What makes this remarkable is SK Hynix's trajectory. In 2002, then called Hynix Semiconductor, the company was on the verge of being sold to Micron after years of debt from aggressive expansion. The deal collapsed, and Hynix fell under creditor control. Its shares plummeted to 135 won in 2003, earning it the nickname "Dongjeon-ju"—penny stock—among Korean investors. For most of two decades, the company tracked the memory industry's boom-and-bust rhythm, and 2023 brought one of the worst downturns: an annual operating loss of 7.73 trillion won.
The turnaround is driven by high-bandwidth memory, specialized chips that sit inside AI accelerators and feed data to processors from companies like Nvidia. SK Hynix crossed $1 trillion valuation just weeks ago, and shares are up more than 340% this year—a climb driven almost entirely by its dominance in HBM. By 2025, SK Hynix controlled 61% of the global HBM market, dwarfing Samsung's 17% and Micron's 21%, according to Reuters. The company has reportedly locked up close to 70% of Nvidia's HBM4 orders for the upcoming Vera Rubin AI platform, while customers like Google also rely on it as AI computing demand climbs.

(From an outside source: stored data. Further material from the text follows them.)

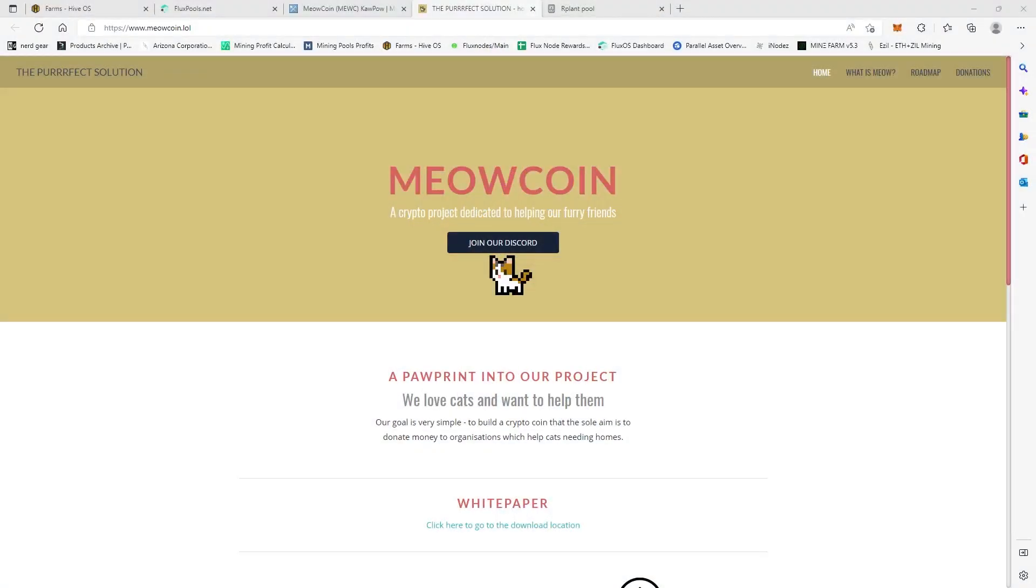Hey miners, Mining King here. Today we're going to check out Meow Coin, but before we get into that, here's a word from our sponsor.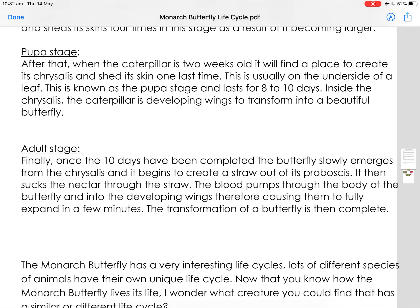Adult stage. Finally, once the ten days have been completed, the butterfly slowly emerges from the chrysalis and it begins to create a straw out of its proboscis. It then sucks the nectar through the straw.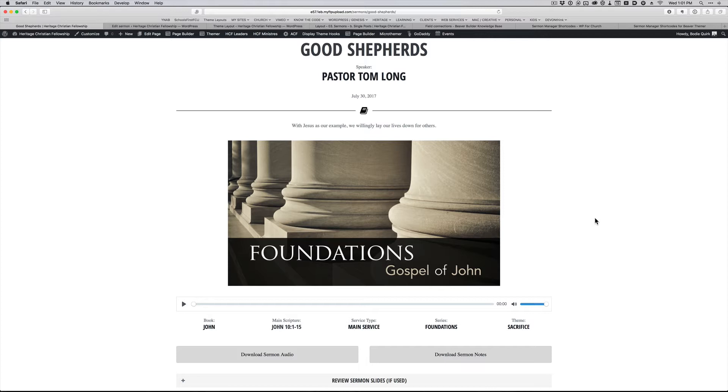Hey guys, a number of you had asked how I had connected Beaver Themer with Sermon Manager and how to create a dynamic template to display single sermons within a site that has Sermon Manager as the backend for the sermons plugin.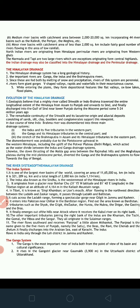The Delhi Ridge or Potwar Plateau served as the water divide within the Indus and Ganga drainage systems, and this was a main reason for the split of the original river into these three river systems. Likewise, the down-thrusting of the Malda Gap between the Rajmahal Hills and the Meghalaya Plateau during the mid-Pleistocene period diverted the Ganga and Brahmaputra systems to flow towards the Bay of Bengal.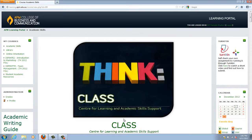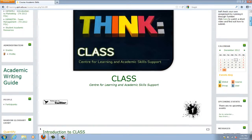You can contact the ThinkClass team for assistance, but it is best to use the Academic Skills page first before you do. If you scroll down, you will see a number of different sections.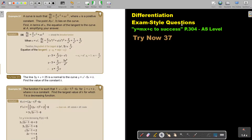Differentiation — exam style questions. You will find this on page 304 in the Namibia AS level mathematics textbook 'y equals mx plus c to success.' Let's look at another example. A curve is such that dy by dx equals this expression — so this is the derivative function, already differentiated — where a is a positive constant. The point (a, 3) lies on the curve. Find, in terms of a, the equation of the tangent to the curve at that point, simplifying your answer.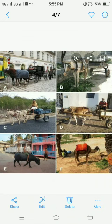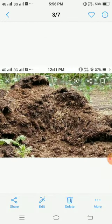We get manure for plants from animals such as cows, horse, camels, etc. Manure is the dung of some animals that is used for plants to make them grow better. Dung is the waste matter of animals.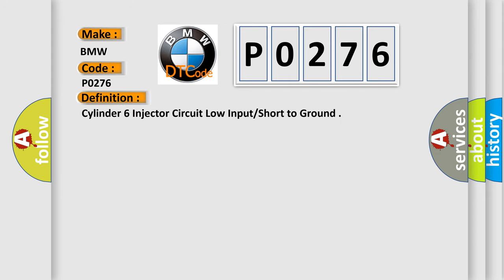The basic definition is: Cylinder 6 injector circuit low input short to ground.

Kim Sunwoo, a senior analyst at Meritz Securities, explained the shift plainly: customized AI memory changed the industry's basic economics and let SK Hynix establish leadership. This marks a departure from traditional memory chips. For decades, DRAM was a commodity where a buyer's choice between Hynix, Samsung, or Micron made no functional difference. HBM broke that logic. SK Group Chairman Chey Tae-won, who faced internal resistance acquiring Hynix, wrote about this distinction in a book published in January, explaining his goal was to transform the company into something other than a commodity producer—a supplier whose products customers cannot simply swap out without breaking their AI systems.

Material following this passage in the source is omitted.